In contrast, The MIT (and BSD-3) license is simple most common and highly permissive ("least friction"). It lets anyone use, copy, modify, merge, publish, distribute, sublicense, and sell copies of the software, as long as the original copyright and license notice remain. MIT is well liked for its simplicity and minimal restriction, making it a go-to for developers who want the broadest adoption with the least friction. Importantly, MIT-licensed code can be re-used in both open and closed source projects. For maximally broad reuse, minimal restrictions, and commercial friendliness, MIT is generally preferred. IIRC, Apache 2.0 is also permissive with an explicit patent grant, and it includes a clause that protects against contributor lawsuits. But I am not so sure about this.

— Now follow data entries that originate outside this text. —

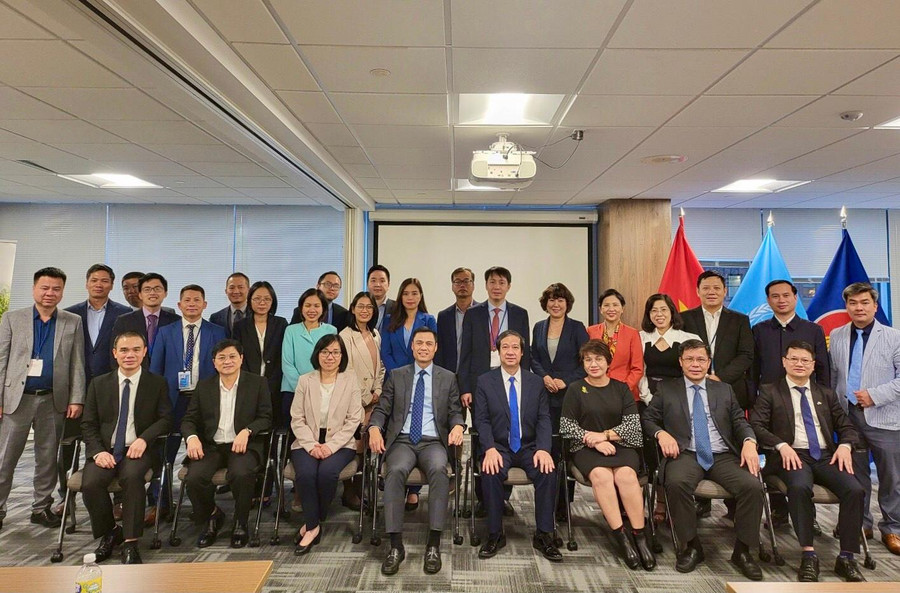 Bộ trưởng Bộ GD&ĐT Nguyễn Kim Sơn thăm Phái đoàn Việt Nam tại Liên Hợp Quốc. Bộ trưởng Bộ GD&ĐT Nguyễn Kim Sơn thăm Phái đoàn Việt Nam tại Liên Hợp Quốc.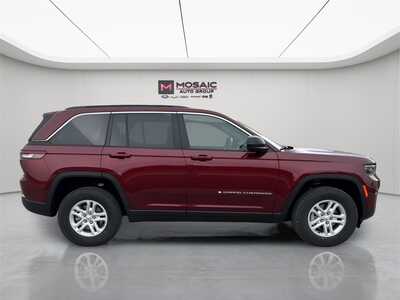 2025 Jeep Grand Cherokee, $34314. Photo 8
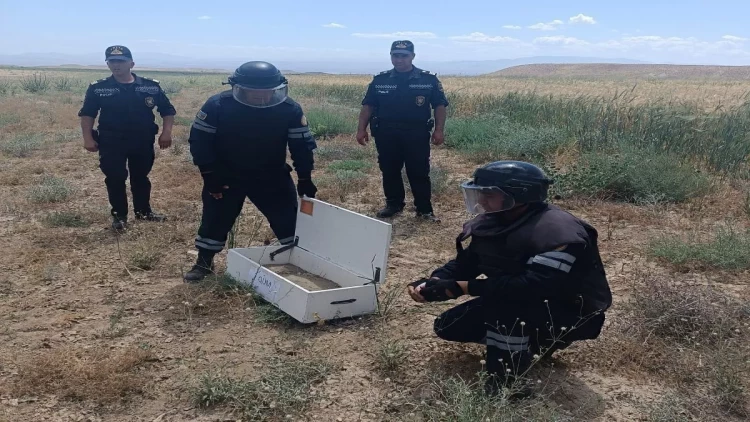 Kəngərlidə tank əleyhinə mərmilər tapıdı - FOTO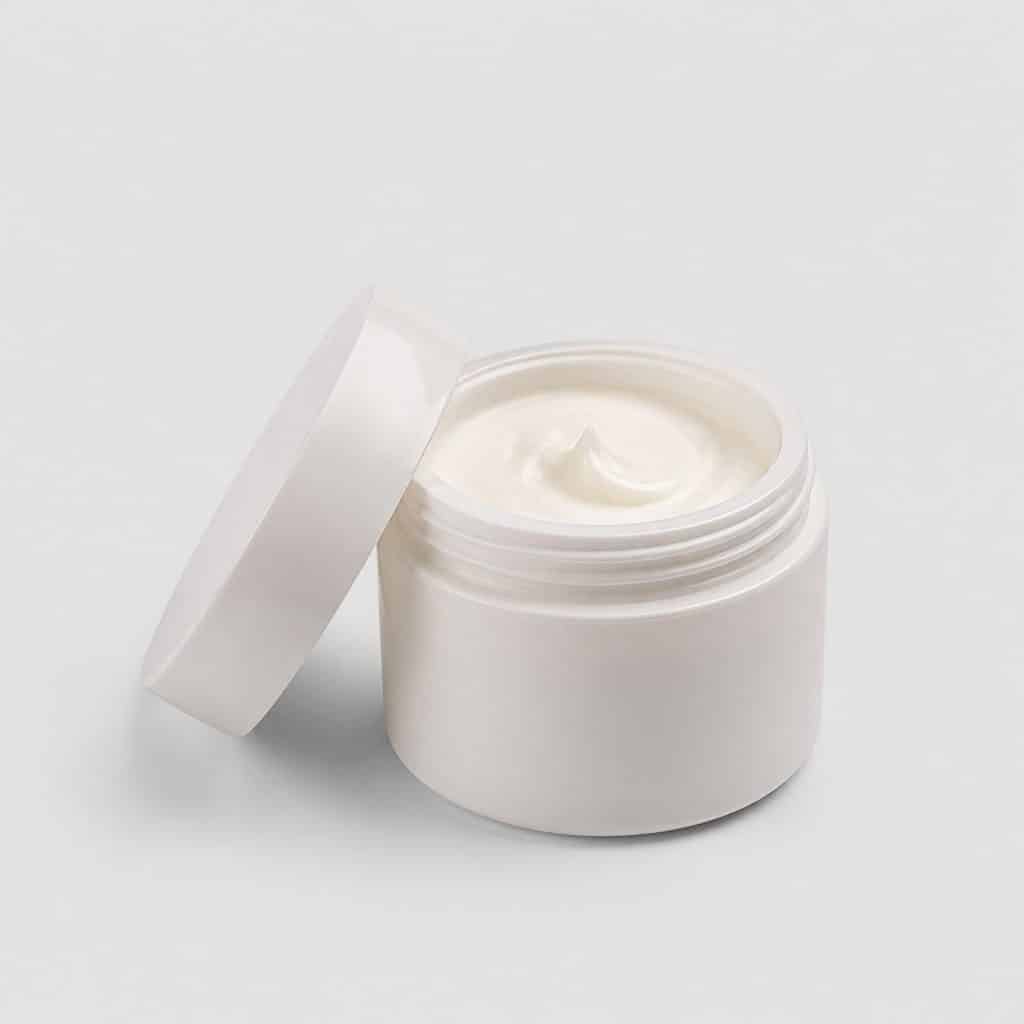 Pot de crème riche pour le visage sur fond neutre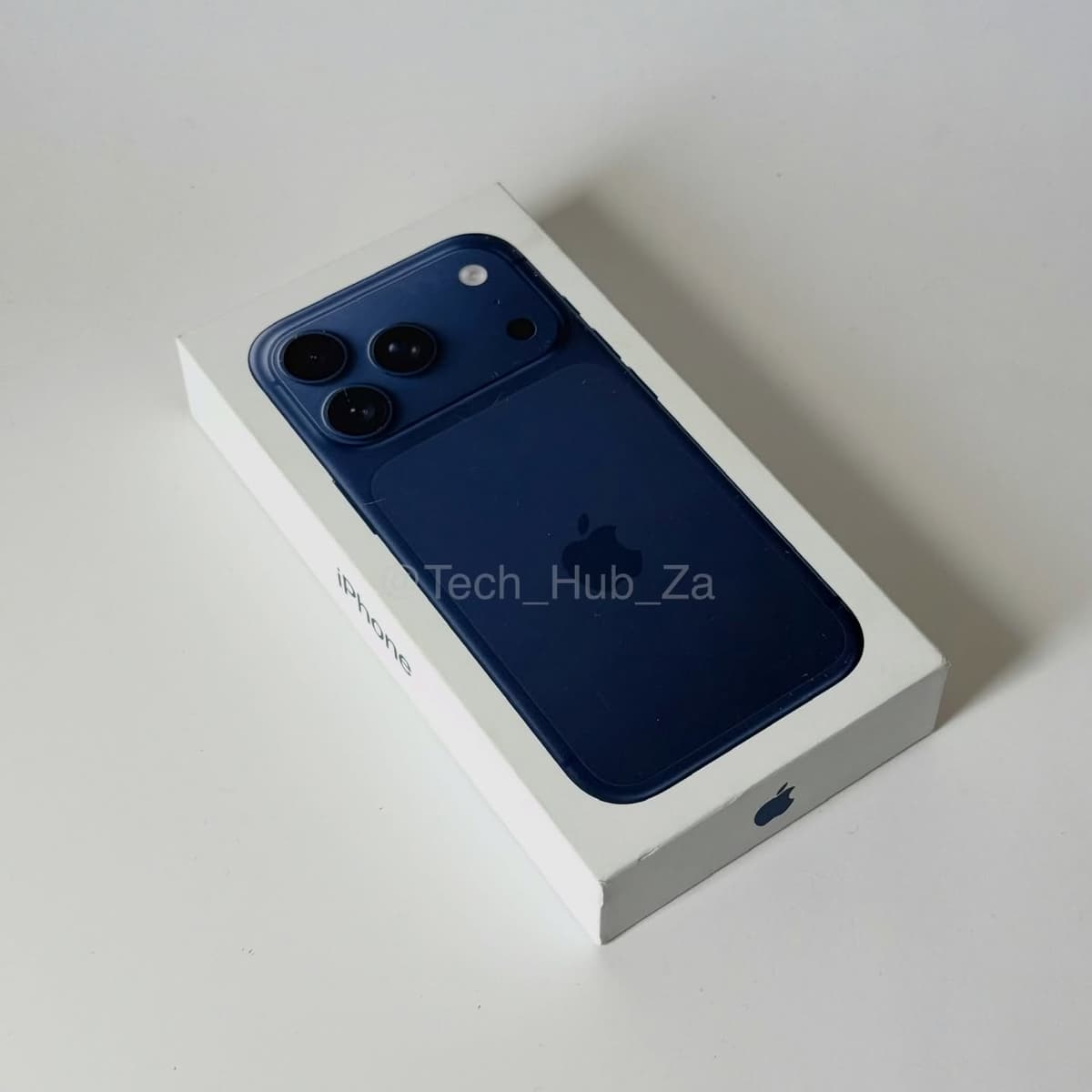 iPhone 17 Pro 256GB Deep Blue Blue - Image 1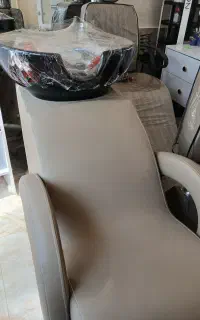 صندلی اصلاح و سرشور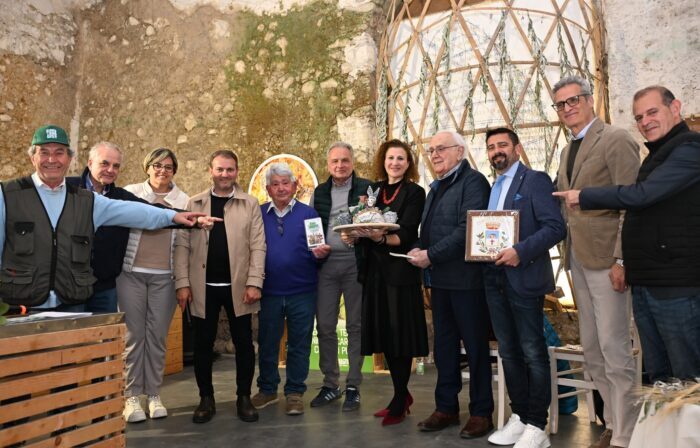 Bianco Tanagro 2026 Da Record, Il Carciofo Bianco Guida La Rinascita Delle Aree Interne 3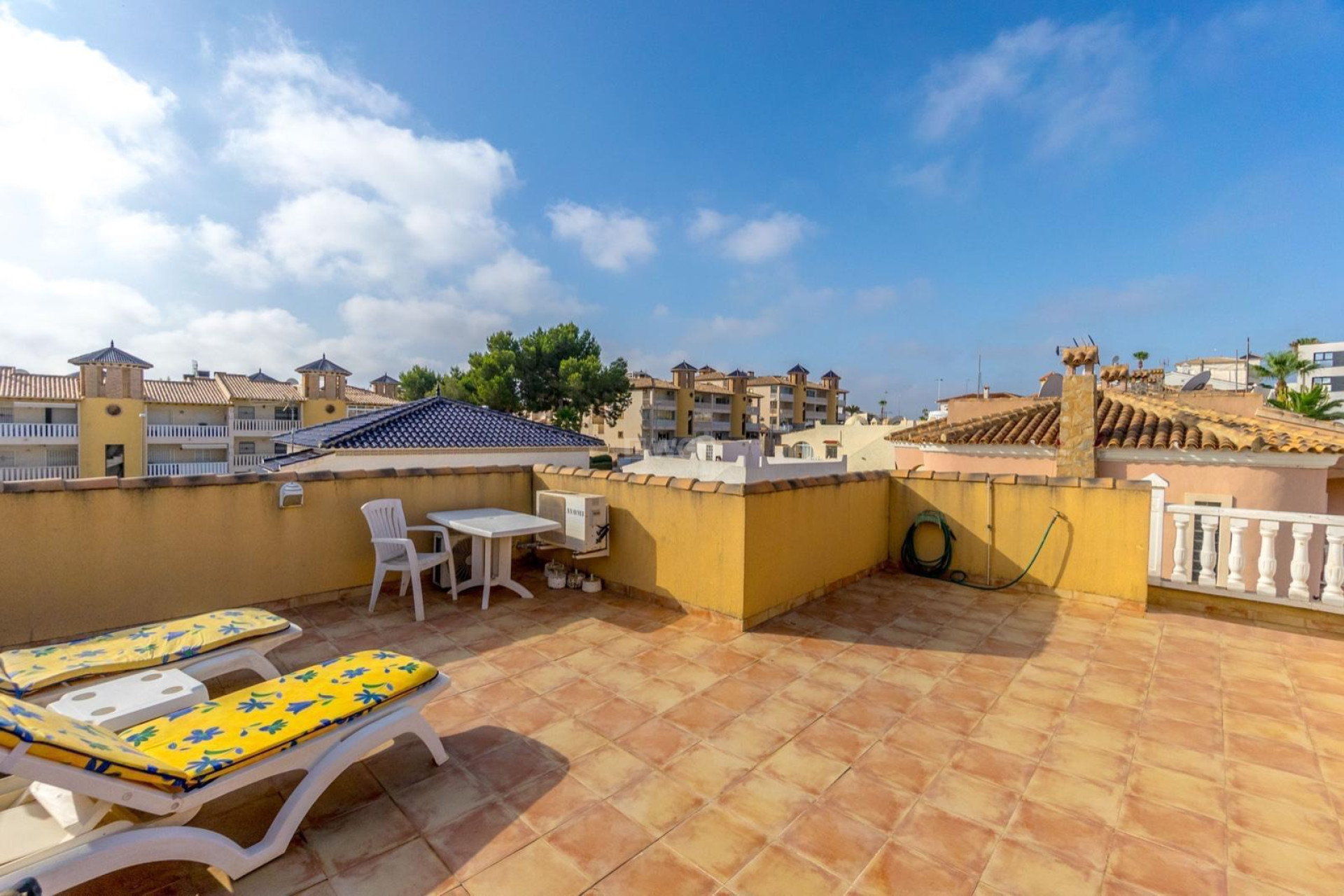 Resale - Villa - Orihuela Costa - Villamartín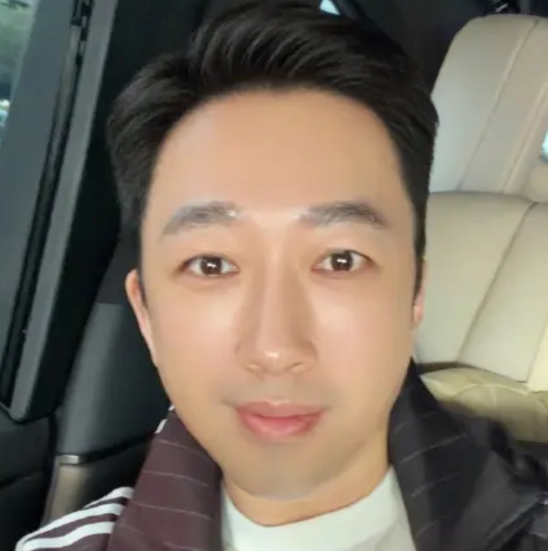 于正直播谈续约首次松口称今年有四五个艺人到期，有人提前两三年跟他续约了，有人选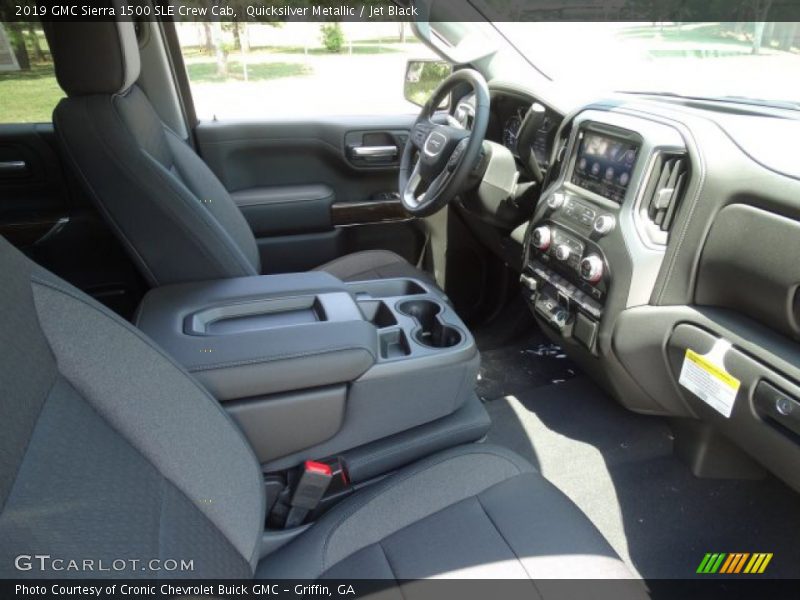 Quicksilver Metallic / Jet Black 2019 GMC Sierra 1500 SLE Crew Cab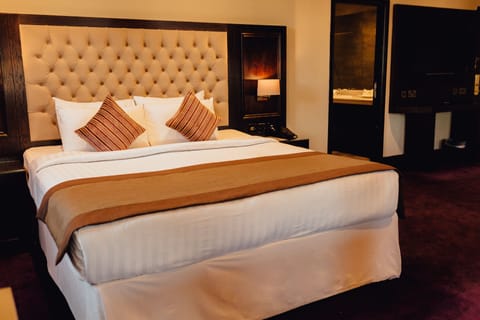 Individually furnished, desk, iron/ironing board, free WiFi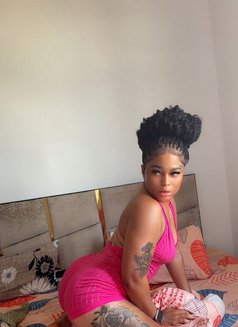 African Queen Girl - escort in Noida Photo 2 of 4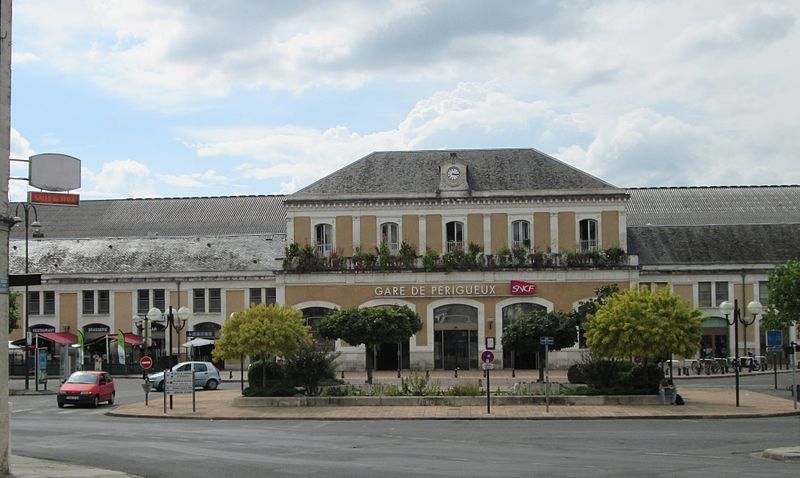 File:Gare de Périgueux.JPG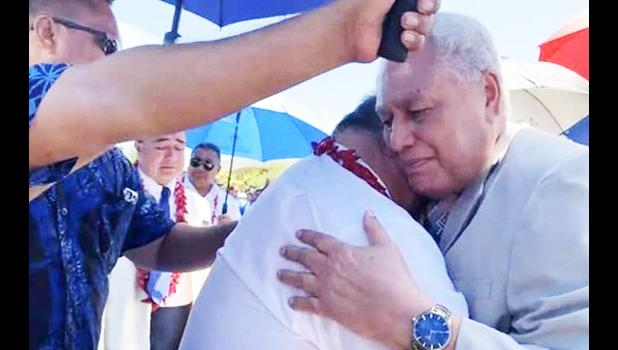 Tuila'epa Sa'ilele Malielegaoi in the arms of the Head of State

CC0 ("No Rights Reserved") is basically a public domain dedication for the code (rare on CRAN), waiving as many rights as legally possible. ImageJ is not CC0 but public domain. This app became the defacto standard for many doing image analysis. It’s ideal for pure data packages or code that the author wants to be maximally reused without even attribution. However, it is less common for code and may cause confusion, as many open source projects and organizations are more familiar with MIT or GPL. For pure data or works intended to be fully in public domain, CC0 is appropriate.
Other licenses include Apache 2.0, BSD, MPL or even more restrictive proprietary licenses. Each comes with its own nuances, such as patent clauses (Apache) or specific attribution requirements (BSD). CRAN policies generally expect open source licenses, and proprietary licenses are not accepted for public packages.
I have MIT and GPL licensed packages on CRAN, and I am fine with both.
@pangolin thank you for this nice summary.
I hope it is a bit of help for you. Do you have a link to your package?